Authorities in Mexico do not distinguish between homicides committed by criminal organizations and others, which is one of the problems identified in the report. However, independent researchers who crosschecked official figures and media reports estimate the figure could be as high as 75 percent.
InSight Crime Analysis
The report by the Institute for Economics and Peace is right to argue that quality data is key to developing effective policies and practices to tackle rising homicides, and it might also give Mexico’s president-elect Andrés Manuel López Obrador some clues on how to deal with one of the most pressing issues his administration will face when taking office on December 1.
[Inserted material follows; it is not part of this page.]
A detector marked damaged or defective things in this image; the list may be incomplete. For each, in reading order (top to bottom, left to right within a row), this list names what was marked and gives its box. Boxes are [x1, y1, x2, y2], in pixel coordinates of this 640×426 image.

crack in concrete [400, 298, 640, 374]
“The reality is that we cannot solve a problem we can’t understand,” Talia Hagerty, a senior research fellow at the Institute for Economics and Peace, told InSight Crime. “The way you prevent a homicide inside of a family is radically different from the way you prevent violence between two transnational criminal organizations. And the policy implications of knowing the difference are huge.”
The report says that one of the reasons why Mexico scores low on the index is the gap between the number of homicides recorded by the health system and by law enforcement agencies, in addition to state authorities’ failure to document homicides in a consistent way, which prevents the development of national trends.
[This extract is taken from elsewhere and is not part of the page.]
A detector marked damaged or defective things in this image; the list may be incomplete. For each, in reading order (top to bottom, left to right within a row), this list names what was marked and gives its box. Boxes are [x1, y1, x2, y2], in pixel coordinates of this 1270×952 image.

It also points to the lack of detail in the information recorded by authorities, particularly on key aspects of a crime including location and the relationship between the victim and the perpetrator, which is critical to establishing the type of violence involved (domestic, political, organized crime, etc).
“In some cases, these issues are the result of a lack of resources while in others it is a matter of corruption and impunity. The key is to get to the bottom of that in order to figure out what the problem is and how to fix it,” Hagerty said.
But the author argues that the solution depends on the state’s willingness to implement common standards to document homicides and independent verification mechanisms.
“The solution is not just to throw money at the problem but to figure out where to invest. The most obvious investment would be to continue to rely on the armed forces, which is not giving the best results. Mexico needs to build capacity in states to be able to document homicides better, for example, by developing independent bodies,” Hagerty said.
“Mexico needs to bring down homicides in the short-term but build up the necessary institutions to ensure positive peace is a reality in the long-term.”